#### Listed records

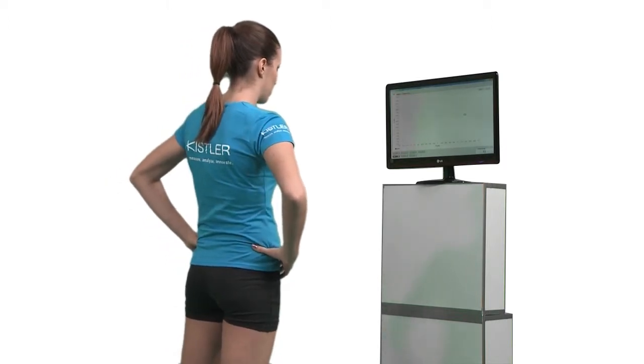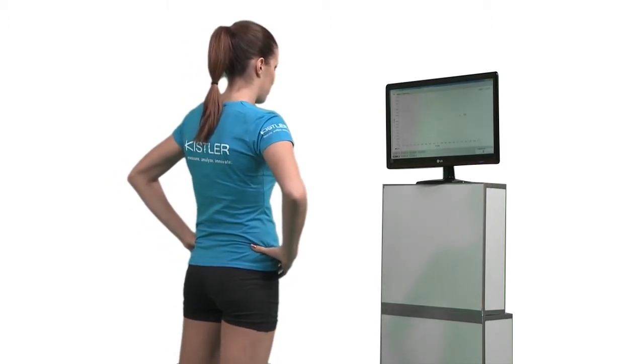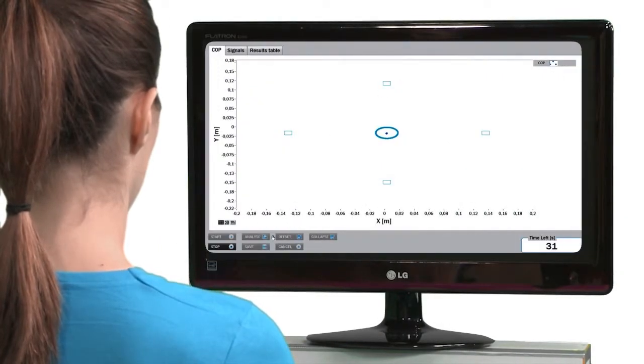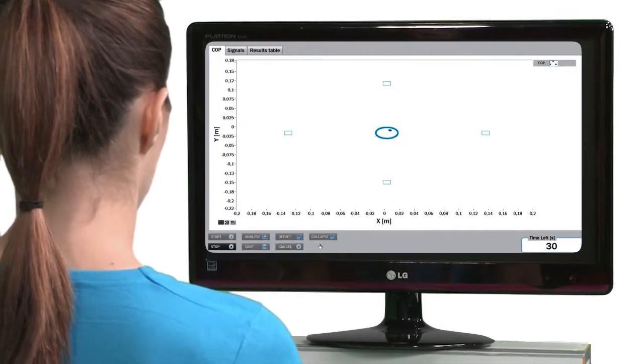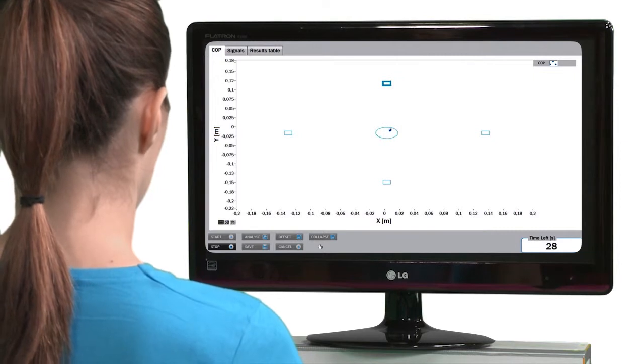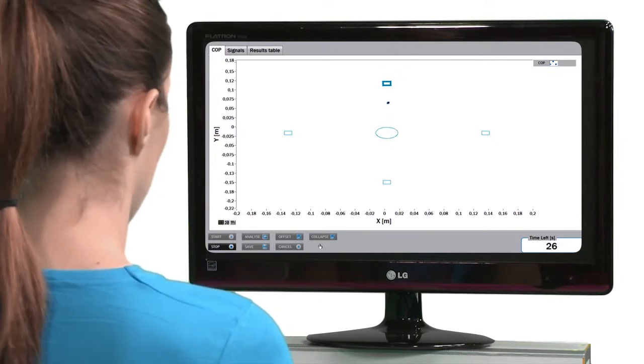Using the limits of stability test module, you can measure the subject's ability to voluntarily shift his or her center of pressure as quickly and as widely as possible.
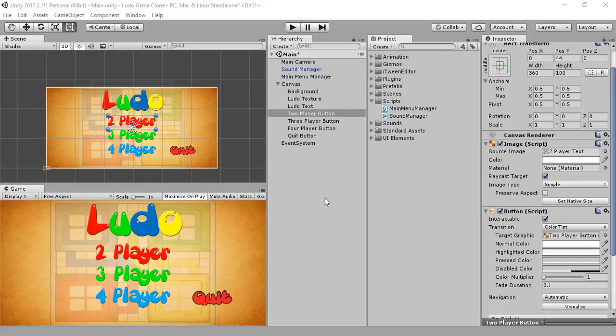Hi guys, it's Shahzeeb Afridi from Game Logics and this is part 4 of our Ludo game. Previously what we had done is basically we created a canvas for our game and we added some buttons for two player, three player, and four player, a quit button and Ludo text.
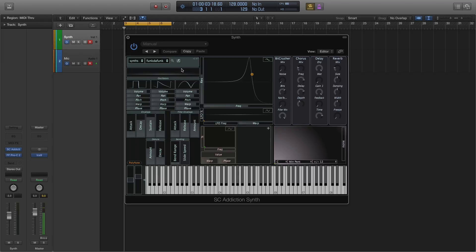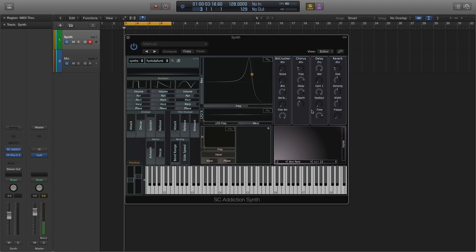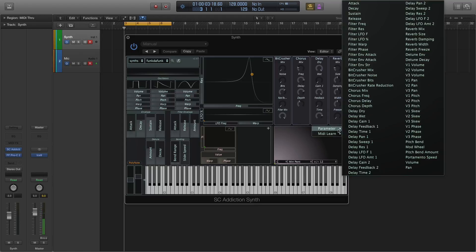Addiction features three oscillators, a shared envelope, and filter envelope, a filter section in the middle with modulation targets, and an extensive effects section. And then there's also what I'd call a scale XY pad, again with modulation targets.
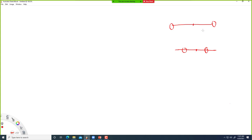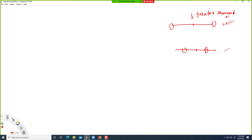So, which one do you think would be harder to rotate? If you do the experiment, it would be harder to rotate the one with masses at the ends compared to the one with masses near the center. The reason is that this one has greater moment of inertia. The moment of inertia depends on the distance of the mass from the center. Greater the distance, greater is the moment of inertia. Greater the moment of inertia, harder it is to rotate.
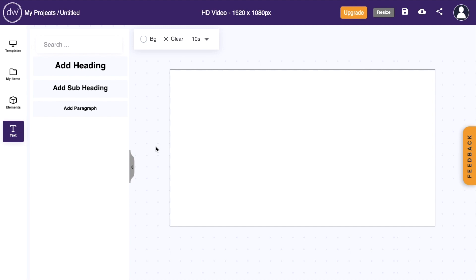So once you have Design Wizard opened up on your device, what I want you to do is add some text to your design. Go to the left-hand side of your screen, press on the text tab, then go to either add a heading, add a subheading, or add a paragraph. It really doesn't matter. We're just going to go ahead here and press on add heading.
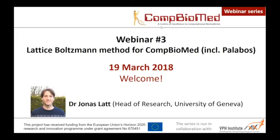Before we start, I want to mention that you can ask questions — please keep them for the end of the webinar. You can type questions in the GoToWebinar control panel, or raise your hand and we will open your microphone so you can ask Jonas directly. So let's start — Jonas, the floor is yours.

#### Work instructions
The material should be duplicated word for word, with no images included.

#### Worked solution
Using the limits of stability test module, you can measure the subject's ability to voluntarily shift his or her center of pressure as quickly and as widely as possible.
Hi guys, it's Shahzeeb Afridi from Game Logics and this is part 4 of our Ludo game. Previously what we had done is basically we created a canvas for our game and we added some buttons for two player, three player, and four player, a quit button and Ludo text.
Addiction features three oscillators, a shared envelope, and filter envelope, a filter section in the middle with modulation targets, and an extensive effects section. And then there's also what I'd call a scale XY pad, again with modulation targets.
So, which one do you think would be harder to rotate? If you do the experiment, it would be harder to rotate the one with masses at the ends compared to the one with masses near the center. The reason is that this one has greater moment of inertia. The moment of inertia depends on the distance of the mass from the center. Greater the distance, greater is the moment of inertia. Greater the moment of inertia, harder it is to rotate.
So once you have Design Wizard opened up on your device, what I want you to do is add some text to your design. Go to the left-hand side of your screen, press on the text tab, then go to either add a heading, add a subheading, or add a paragraph. It really doesn't matter. We're just going to go ahead here and press on add heading.
Before we start, I want to mention that you can ask questions — please keep them for the end of the webinar. You can type questions in the GoToWebinar control panel, or raise your hand and we will open your microphone so you can ask Jonas directly. So let's start — Jonas, the floor is yours.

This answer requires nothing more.